I kicked off this week with a big, messy post about, basically, fan fiction. Now that I’ve talked it through a bit with my incredible fellow seminarians, I think my questions boil down to: What are the aspects of a creative text that are most conducive to fostering fan fiction? and How do those attributes translate to nonfictional domains?
Here are the boundaries I’ll draw around my curiosity:
- I’m more interested in creative responses to discrete creative works (e.g. this in response to this) than I am in creative stuff made with creative tools (e.g. this built with this). That is to say, I’m less interested in the general phenomenon of people building things with games or tools that are about building things (e.g. what makes Legos so conducive to worldbuilding?).
- I’m more interested in the wealth (in all dimensions) of responses a work produces than in the inherent creativity of the work itself — the world built on top of or in response to a thing, rather than the world of the thing.
- I’m (ultimately) most interested in how these attributes of creative works apply outside the most familiar domains of fan fiction such as fantasy fiction, Star Wars, etc. I’m curious, for example, how one makes nonfiction that produces fan-nonfiction.
Some of the more unfamiliar examples that strike me as possibly alike enough to cluster with these things are:
- An interplay of visual artworks, like the Picasso and American Art exhibit, and particularly the range of artistic extensions of / responses to “The Studio.” (Including Picasso’s own extensions of that artwork.)
- Op-eds and punditry in major national newspapers and the sort of mirror-world that pundits fashion in concert with one another. (Thanks, Robin!)
- Parody Twitter accounts, like @MayorEmanuel.
Lastly, here are some of the nascent hypotheses I’m forming about aspects of a work that can help bring about world-extending:
- Expansiveness and/or continuity: The world should feel big and open enough that folks feel there’s room to play with it.

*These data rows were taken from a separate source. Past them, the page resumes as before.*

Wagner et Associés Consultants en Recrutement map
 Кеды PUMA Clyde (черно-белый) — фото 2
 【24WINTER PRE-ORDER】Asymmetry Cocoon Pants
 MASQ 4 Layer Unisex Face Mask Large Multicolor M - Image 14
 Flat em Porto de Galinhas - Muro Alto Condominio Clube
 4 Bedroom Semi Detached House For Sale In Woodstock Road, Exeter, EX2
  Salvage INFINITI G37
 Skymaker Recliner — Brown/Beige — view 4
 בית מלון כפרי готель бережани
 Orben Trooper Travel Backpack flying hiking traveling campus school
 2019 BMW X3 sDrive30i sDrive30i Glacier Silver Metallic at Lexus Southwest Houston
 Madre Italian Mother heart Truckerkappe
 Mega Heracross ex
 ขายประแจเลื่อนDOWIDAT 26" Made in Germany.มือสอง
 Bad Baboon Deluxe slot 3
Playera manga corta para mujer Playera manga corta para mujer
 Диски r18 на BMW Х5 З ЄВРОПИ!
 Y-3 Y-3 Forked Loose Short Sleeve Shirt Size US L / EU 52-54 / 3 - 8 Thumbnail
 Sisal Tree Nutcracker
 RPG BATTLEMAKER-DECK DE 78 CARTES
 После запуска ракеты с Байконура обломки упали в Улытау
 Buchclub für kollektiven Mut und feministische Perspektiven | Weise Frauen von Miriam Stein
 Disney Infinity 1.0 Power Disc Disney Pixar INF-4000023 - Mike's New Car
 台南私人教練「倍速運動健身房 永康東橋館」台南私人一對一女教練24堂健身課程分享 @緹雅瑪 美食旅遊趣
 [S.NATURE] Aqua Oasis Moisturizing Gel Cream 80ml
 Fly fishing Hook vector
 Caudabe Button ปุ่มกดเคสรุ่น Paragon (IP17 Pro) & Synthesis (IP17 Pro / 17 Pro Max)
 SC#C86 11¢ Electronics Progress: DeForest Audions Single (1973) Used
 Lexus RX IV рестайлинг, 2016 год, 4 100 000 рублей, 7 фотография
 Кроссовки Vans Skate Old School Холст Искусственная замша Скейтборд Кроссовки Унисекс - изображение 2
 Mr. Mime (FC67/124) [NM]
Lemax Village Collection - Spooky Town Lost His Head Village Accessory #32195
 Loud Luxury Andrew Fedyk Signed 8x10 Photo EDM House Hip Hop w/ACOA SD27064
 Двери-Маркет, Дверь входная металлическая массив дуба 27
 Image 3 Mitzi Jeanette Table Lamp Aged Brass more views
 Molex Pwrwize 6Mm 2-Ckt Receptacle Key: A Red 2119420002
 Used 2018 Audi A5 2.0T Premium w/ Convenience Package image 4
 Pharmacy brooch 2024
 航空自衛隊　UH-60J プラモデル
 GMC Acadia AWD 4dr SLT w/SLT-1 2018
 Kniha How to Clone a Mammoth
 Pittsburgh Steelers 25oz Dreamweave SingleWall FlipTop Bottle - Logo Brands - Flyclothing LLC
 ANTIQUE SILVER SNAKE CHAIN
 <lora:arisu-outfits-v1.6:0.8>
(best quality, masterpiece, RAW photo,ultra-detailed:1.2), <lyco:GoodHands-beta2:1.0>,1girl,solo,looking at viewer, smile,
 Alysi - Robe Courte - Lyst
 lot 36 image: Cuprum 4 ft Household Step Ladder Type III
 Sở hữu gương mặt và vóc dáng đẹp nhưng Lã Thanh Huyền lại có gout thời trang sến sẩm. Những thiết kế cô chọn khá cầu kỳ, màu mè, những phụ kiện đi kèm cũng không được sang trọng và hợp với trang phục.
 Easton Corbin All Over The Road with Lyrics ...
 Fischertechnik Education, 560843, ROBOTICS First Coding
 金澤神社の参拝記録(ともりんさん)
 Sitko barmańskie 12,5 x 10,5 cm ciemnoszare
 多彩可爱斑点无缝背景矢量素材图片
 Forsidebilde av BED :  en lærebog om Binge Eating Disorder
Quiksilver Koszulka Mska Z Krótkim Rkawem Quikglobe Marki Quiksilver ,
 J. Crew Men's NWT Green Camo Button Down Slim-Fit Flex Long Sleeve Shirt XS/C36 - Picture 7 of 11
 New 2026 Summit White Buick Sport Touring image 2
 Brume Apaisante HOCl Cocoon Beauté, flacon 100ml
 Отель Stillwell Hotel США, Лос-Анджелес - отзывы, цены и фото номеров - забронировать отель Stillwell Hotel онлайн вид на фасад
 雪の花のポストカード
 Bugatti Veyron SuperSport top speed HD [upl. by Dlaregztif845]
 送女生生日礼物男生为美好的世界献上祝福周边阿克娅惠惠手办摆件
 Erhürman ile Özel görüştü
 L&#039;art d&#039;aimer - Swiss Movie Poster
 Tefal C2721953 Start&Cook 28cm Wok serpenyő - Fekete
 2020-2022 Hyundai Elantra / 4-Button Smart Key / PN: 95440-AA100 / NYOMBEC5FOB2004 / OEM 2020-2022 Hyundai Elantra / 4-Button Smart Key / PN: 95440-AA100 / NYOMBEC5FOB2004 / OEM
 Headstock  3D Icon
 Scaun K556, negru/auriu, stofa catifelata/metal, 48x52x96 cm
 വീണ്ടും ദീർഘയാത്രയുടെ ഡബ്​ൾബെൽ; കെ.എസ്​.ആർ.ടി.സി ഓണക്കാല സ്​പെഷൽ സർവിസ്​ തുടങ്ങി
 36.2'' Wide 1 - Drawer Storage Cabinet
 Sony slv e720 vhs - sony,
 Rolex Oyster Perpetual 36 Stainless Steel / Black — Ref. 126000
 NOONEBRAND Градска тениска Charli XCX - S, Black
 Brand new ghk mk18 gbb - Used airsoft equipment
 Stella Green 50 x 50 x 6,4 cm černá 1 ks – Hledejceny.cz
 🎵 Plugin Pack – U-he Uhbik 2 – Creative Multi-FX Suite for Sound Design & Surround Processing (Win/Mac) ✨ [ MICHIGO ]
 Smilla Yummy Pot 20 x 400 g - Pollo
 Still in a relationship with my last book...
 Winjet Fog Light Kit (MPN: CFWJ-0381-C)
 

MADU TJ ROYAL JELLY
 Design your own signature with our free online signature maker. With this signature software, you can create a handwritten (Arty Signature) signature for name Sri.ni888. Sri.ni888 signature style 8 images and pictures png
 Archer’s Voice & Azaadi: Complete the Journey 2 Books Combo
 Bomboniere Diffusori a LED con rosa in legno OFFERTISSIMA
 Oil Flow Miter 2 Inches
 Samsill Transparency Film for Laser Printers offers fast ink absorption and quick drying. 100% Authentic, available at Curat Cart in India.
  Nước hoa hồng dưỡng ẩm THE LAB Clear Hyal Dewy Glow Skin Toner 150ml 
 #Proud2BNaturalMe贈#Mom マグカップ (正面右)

- Strong, recognizable systems: The rules and boundaries of the world should feel solid enough to provide a common structure to any world-extensions.
- Focus and blurriness: It seems important that there are areas of the world drawn in fairly vivid detail, but also aspects of the world presented only suggestively. Things to grab onto, and things to fill in.
- Fandom: This kinda goes without saying, but the work needs to have enough attractions that a critical mass of folks will fall in love with it.
There are a few other dimensions I haven’t reached the hypothesis stage for:
- What’s the effect of otherworldliness? Are works of fantasy more conducive to world-extending than works based more solidly in reality?
- How much of world-extension is related to things such as age and gender? We all seem particularly interested in extending worlds when we’re young; does the desire dissipate as we get older and busier?
- What about the degree of user/reader/watcher/listener investment in the text? To inspire fan-fiction, is there possibly a sort of attentional summit that, once ascended, begins to tunnel the person deeper and deeper into the world of the text?